The script takes one parameter; the filename of the mkv.
If the filename has spaces, the subtitle files that are extracted will have underscores in place of the spaces. It makes the script a lot easier to code.
If PGS (.sup) subtitles are extracted, it will automatically convert them to VobSub (SUB/IDX) files for embedding in MP4 containers.
#!/bin/bash
trap 'rm -f /tmp/*.$$ ; exit 0' 0 1 2 3 13 15
ffprobe "$1" 2>&1 | grep Stream | grep "Subtitle:" | while read line
do
tracknum=$( echo "${line}" | cut -f 2 -d ':' | egrep -o "^[0-9]+" )
lang=$( echo "${line}" | cut -f 2 -d ':' | cut -f 2- -d '(' | tr -d ')' )

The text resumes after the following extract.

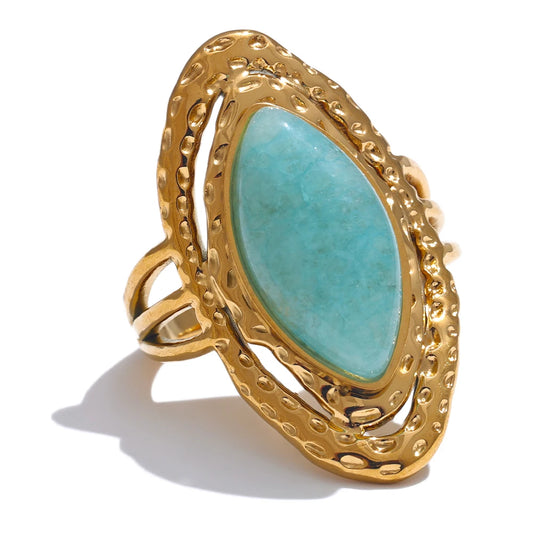 Green natural stone open adjustable contemporary ring - product image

type=$( echo "${line}" | awk '{ print $4;}' )
case "${type}"
in
"hdmv_pgs_subtitle" | "hdmv_pgs_subtitle,")
ext="sup"
;;
"subrip")
ext="srt"
;;
"dvd_subtitle" | "dvd_subtitle,")
ext="sub"
;;
"ass")
ext="ass"
;;
"ssa")
ext="ssa"
;;
*)
ext="unknown_type"
;;
esac
echo "${tracknum}:$( basename "$1" | tr ' ' '_' ).${tracknum}.${lang}.${ext}"
# echo "${tracknum}:$( basename "$1" ).${tracknum}.${lang}.${ext}"
done > /tmp/extractsubs.$$
# For the life of me I can't get it to work with spaces in the names, so I just convert
# spaces to underscores, and it works. Maybe I'll use another character, then convert it
# back when it's done.
/Applications/MKVToolNix-*.0.0.app/Contents/MacOS/mkvextract "$1" tracks $( cat /tmp/extractsubs.$$ )
cat /tmp/extractsubs.$$ | egrep ".sup$" | cut -f 2- -d ':' | while read line
do
java -jar /Applications/BDSup2Sub512.jar -o "$( basename "${line}" .sup ).sub" "${line}"
rm "${line}"
done